There are a number of easy ways to accomplish the creation of such a diary. One simple methods is to come to class and do the assigned reading. A second method is to get into the psychological literature through the internet, the library, and scholarly databases and use material you find to create your diary entries.
1. Readings & Lectures
One method of creating a diary is to record your reactions to the assigned readings and to the lectures. I have chosen topics and readings that many people have incorrect beliefs about. Through lectures and reading, you should encounter ideas and facts that you mistakenly believed to be true. When such an instance occurs, make notes regarding what you originally believed, why you were wrong, and whether your opinions or beliefs are commonly held by others.
Try to discuss the following for each diary entry. One: why you might have believed in a given instance of psychomythology. Cover aspects of your original belief such as where you originally learned about the topic, who or where you learned it from, how you may have found evidence for the belief, and so forth. Second: discuss how your old belief is incorrect according to lectures/readings/research. Third: discuss what you now feel about the validity of the topic. For example, are you now convinced you were wrong? Do you feel the authors might be overstating their case regarding the existence of a myth? Can you think of counterexamples or alternative arguments that might justify your original beliefs?
2. Online Research
Another method is to start search the internet for blogs and online columns about scientific psychology and to read these, looking for instances where new facts challenge what you already believe or where the authors explicitly note how new findings challenge old ideas.
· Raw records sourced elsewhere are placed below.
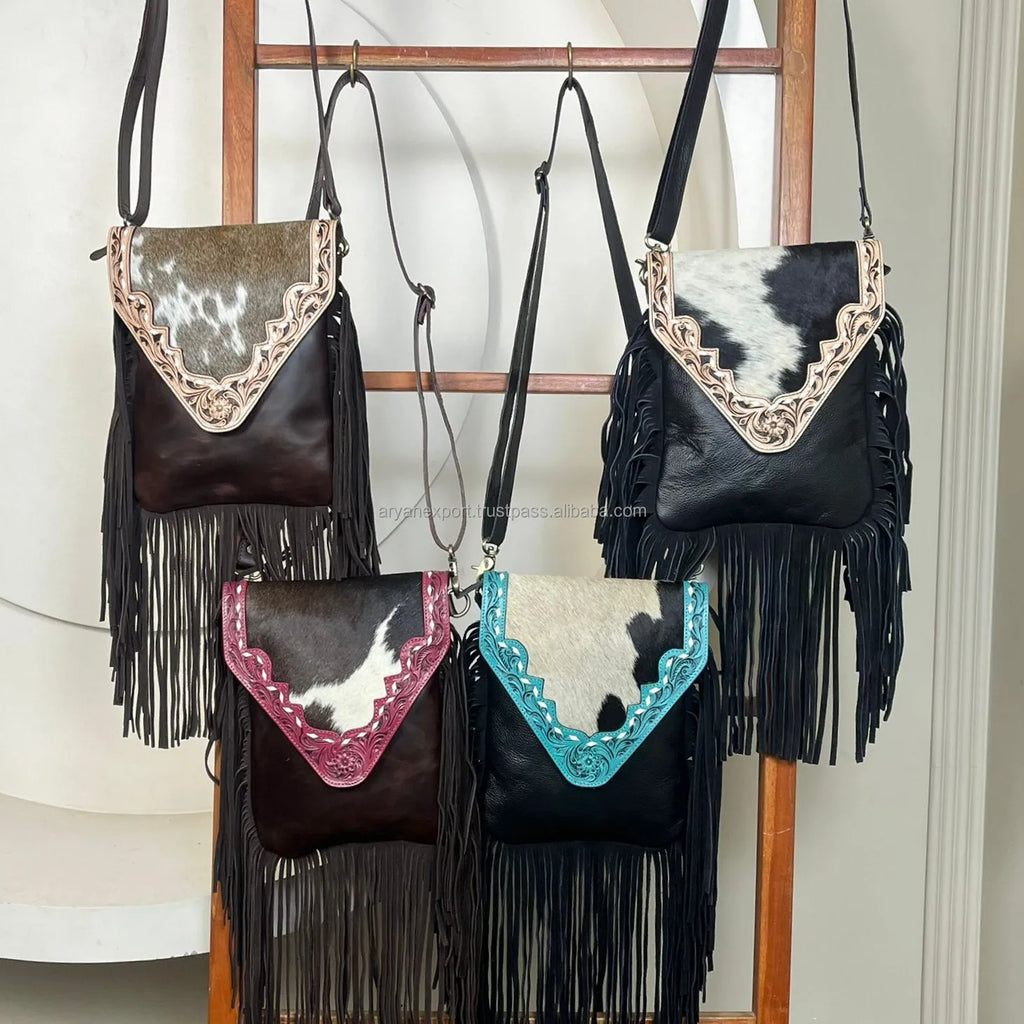 Designer fringe crossbody bags in tooled genuine leather with cowhide flaps in black, brown, turquoise, and pink.
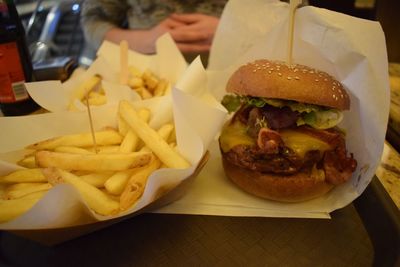 Close-up of burger and vegetables on table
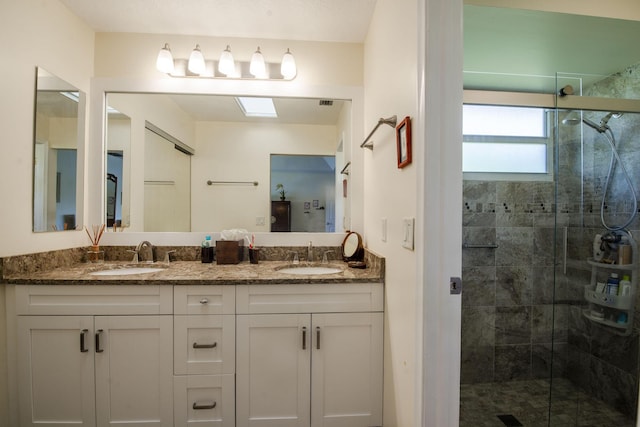 bathroom with vanity and a shower with door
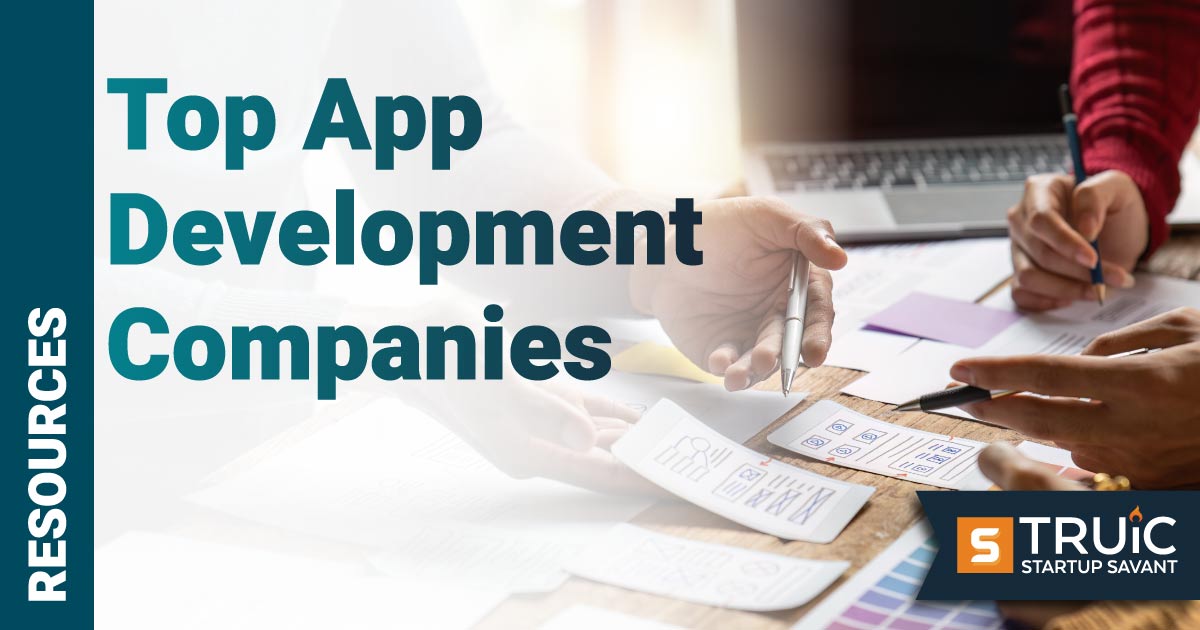 App development company meeting and looking at a paper prototype.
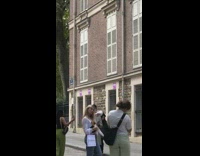 Woman in white top poses with a baguette bread in the park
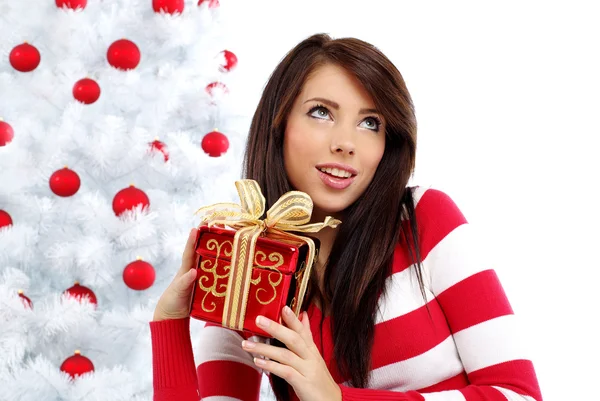 Mooie vrouw met cadeau naast witte kerstboom — Stockfoto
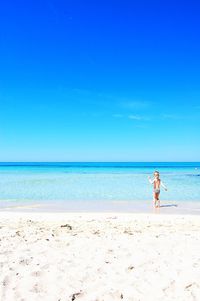 Scenic view of sea against clear blue sky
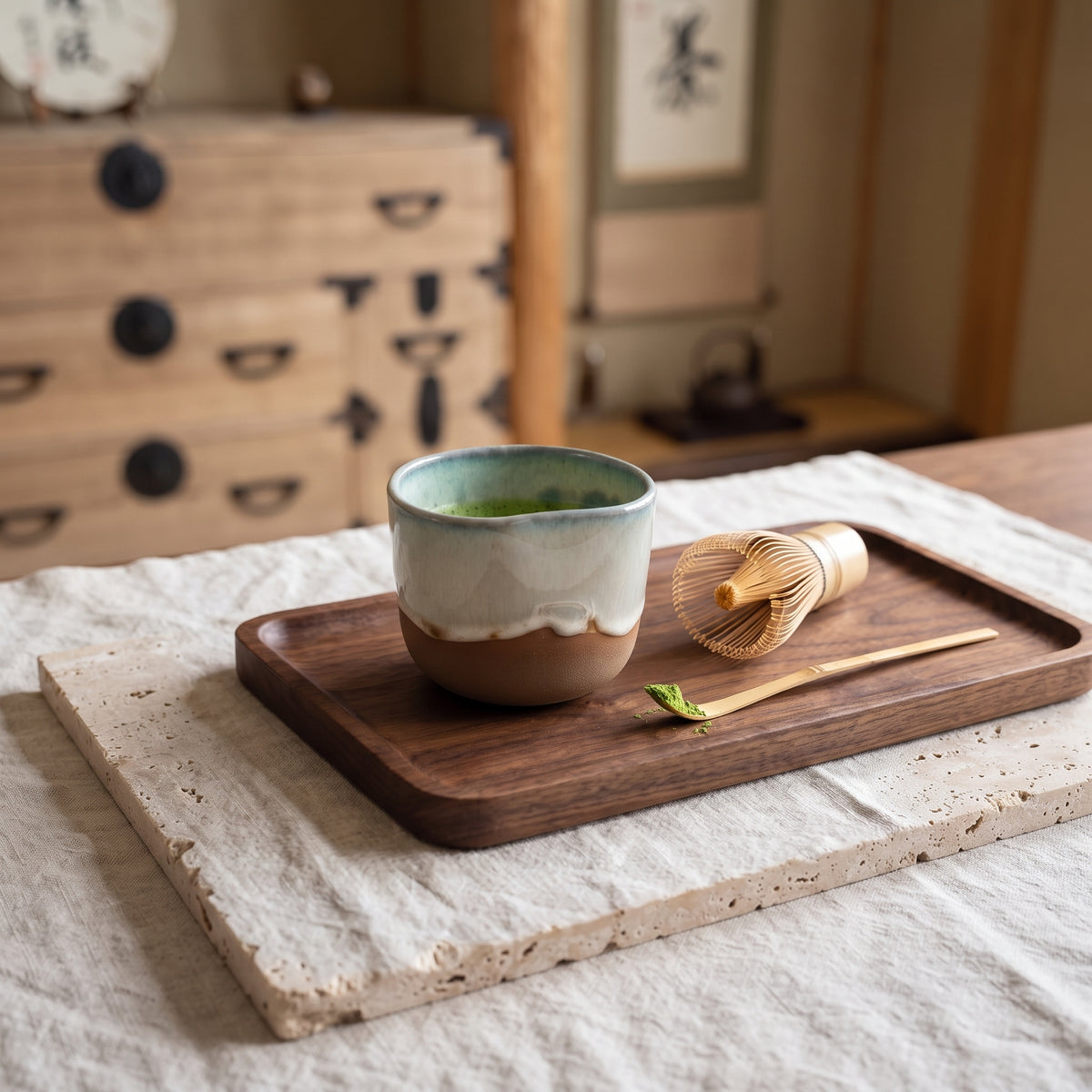 LyLceramics Stone Shot cup styled with dried botanicals on an artisanal wooden serving board.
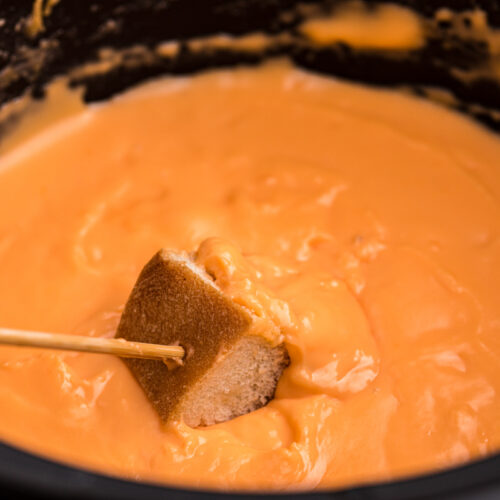 Fondue in a crockpot with bread.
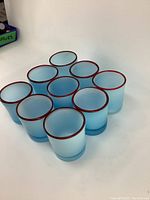 Nine hand made drinking glasses shown grouped together with frosted blue appearance and red rim on a white backdrop.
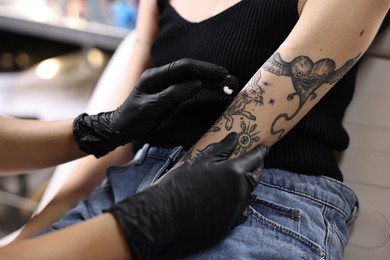 Photo of Professional artist in gloves applying cream onto woman's arm with fresh tattoo in salon, closeup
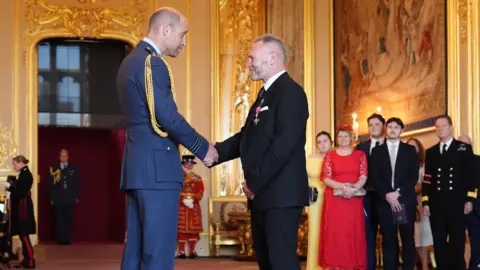 PA The Prince of Wales and Gary McKee shake hands as McKee is awarded an MBE at a ceremony at Windsor Castle. They are both formally dressed. A group of guests is standing in front of a large painting in the decorated room.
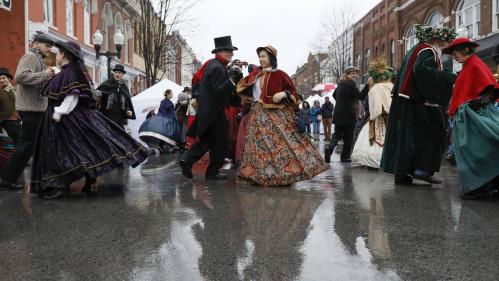 A group of people in Victorian costumes dance on a rainy street, reflecting colorful outfits in puddles.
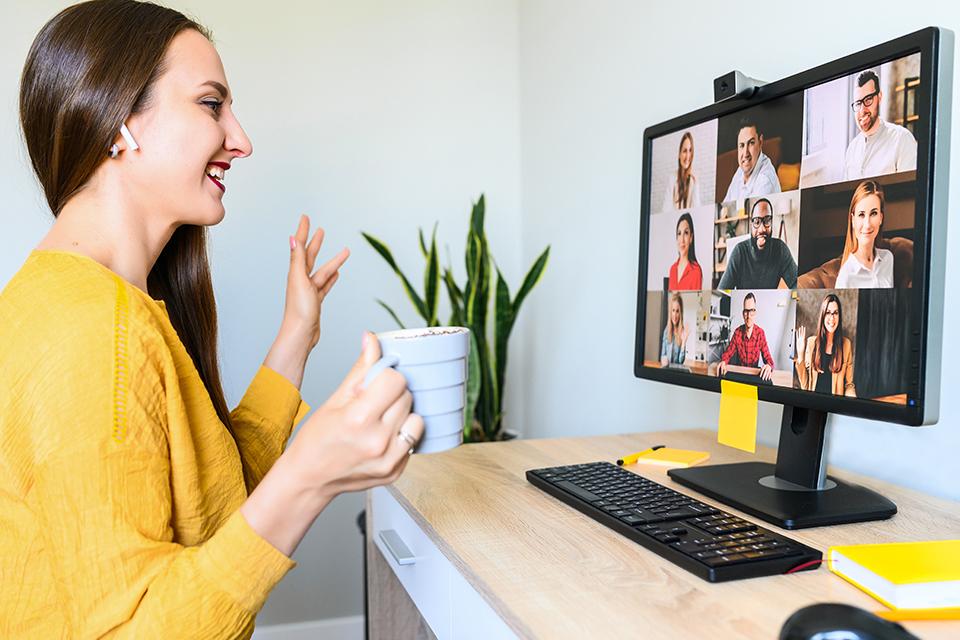 Woman using webcam to talk to friends online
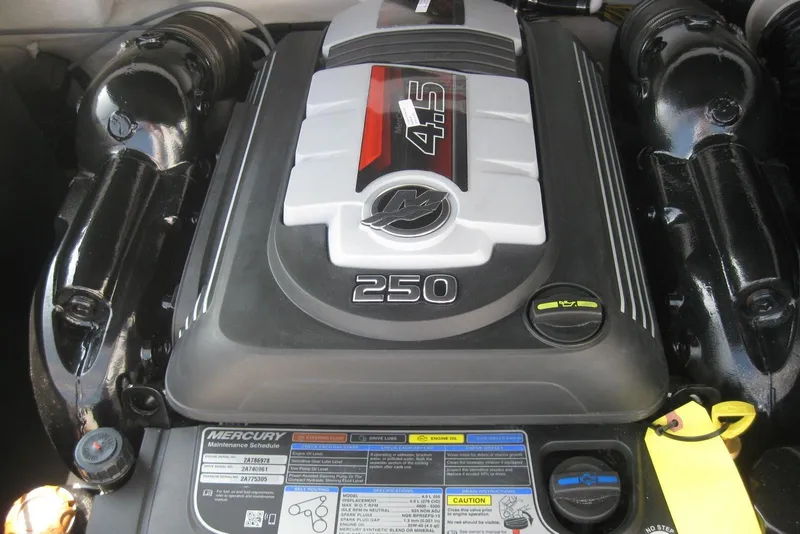 Slide: The Image of White Igloo cooler inside 2024 Monterey M-22 boat storage compartment. - 9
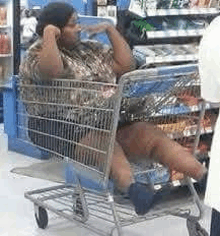 a man is sitting in a shopping cart with his legs crossed in a store .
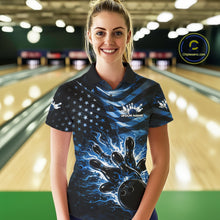 Load image into Gallery viewer, Female model wearing a black bowling polo shirt at the lane with blue flame bowling graphics and patriotic-inspired accents.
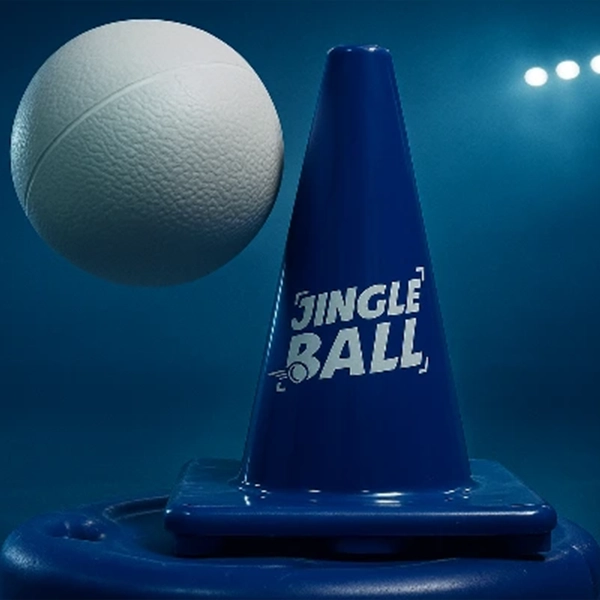 A blue traffic cone with "JINGLE BALL" printed on it, next to a white ball, against a dark blue background.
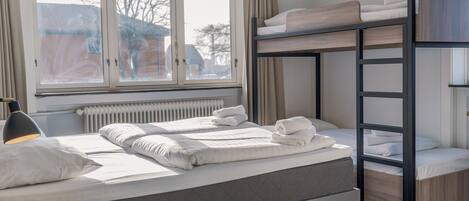 Une chambre avec un lit superposé, une fenêtre, un bureau et un radiateur.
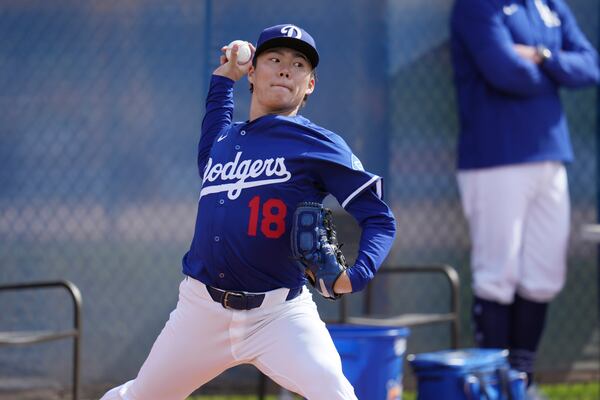 Los Angeles Dodgers pitcher Yoshinobu Yamamoto, of Japan, throws during a pitching session at the Dodgers baseball spring training facility, Tuesday, Feb. 11, 2025, in Phoenix. (AP Photo/Ross D. Franklin)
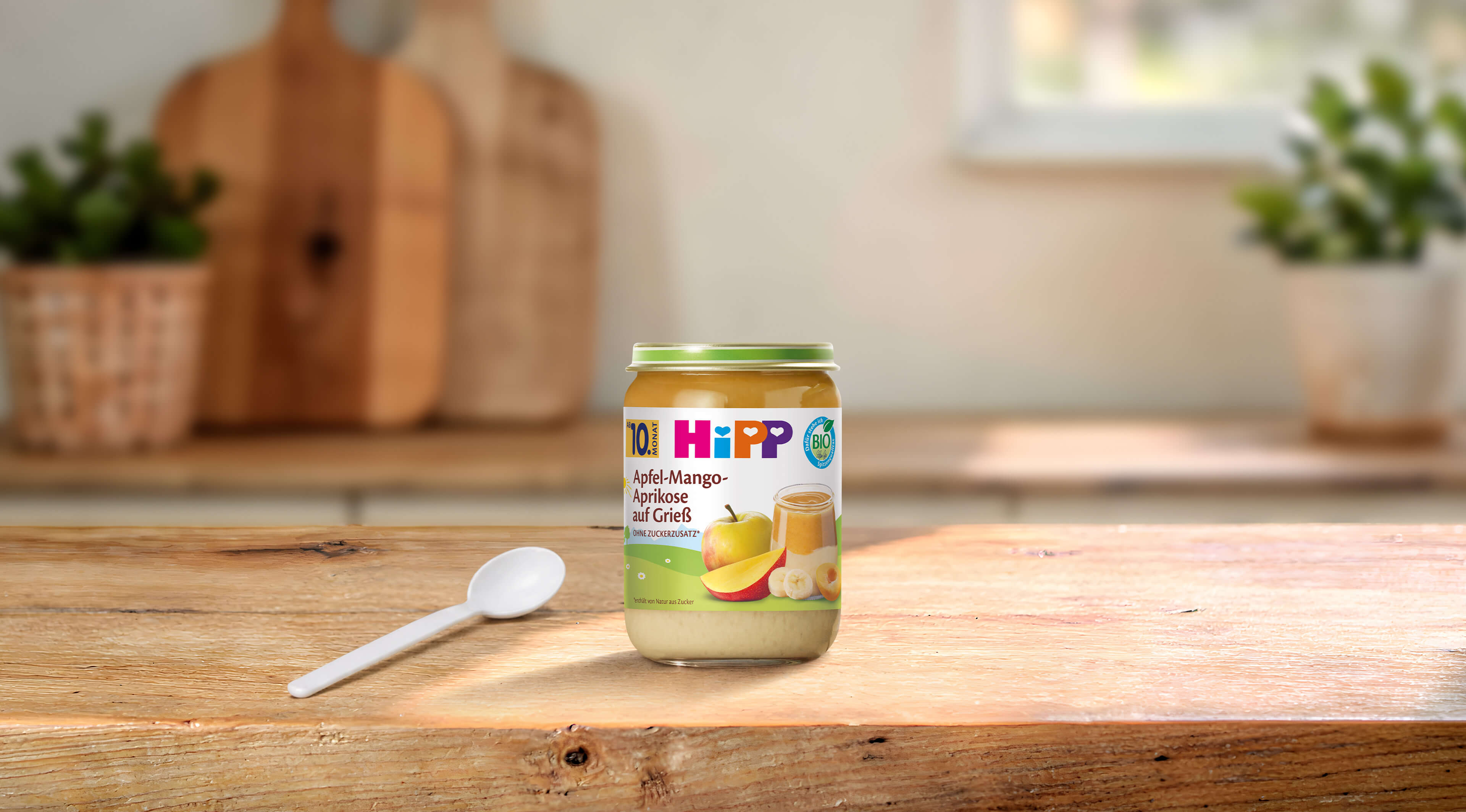 HiPP Bio-Gläschen Apfel-Mango-Aprikose auf Grieß ab 10. Monat auf Holztisch mit Löffel in heller Küche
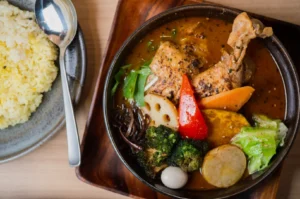 A vibrant bowl of Japanese curry soup with chicken leg, colorful vegetables, and quail egg. Served with a side of yellow rice and a spoon on a plate.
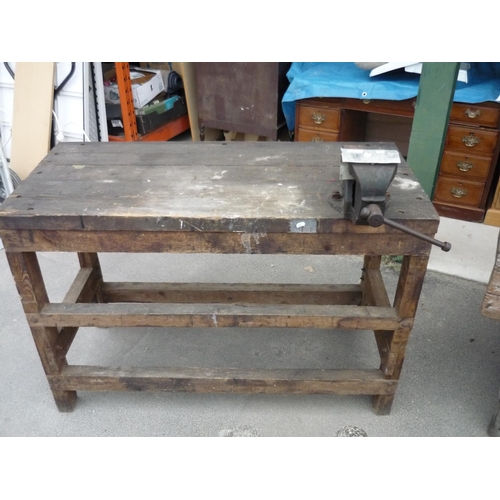 83 - A work bench with a large vice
Alternatively, if you are more adventurous, you can get into the primary psychological literature by accessing scholarly databases through the Niagara College library portal.
The diary should capture a semester’s worth of engagement in the material. Ideally, I would like to see one entry for each week of the course where we cover a topic area (ideally, six or more entries in total).
Each entry should be word processed and submitted using Microsoft Word or in MS Word/RTF format. Entries should be double-spaced and conform to APA format when citing and referencing sources you may use.
There is no set length for an entry or assignment – simply use your judgment. Ask yourself, ‘Have I covered this topic in detail & answered all of the questions asked of me?’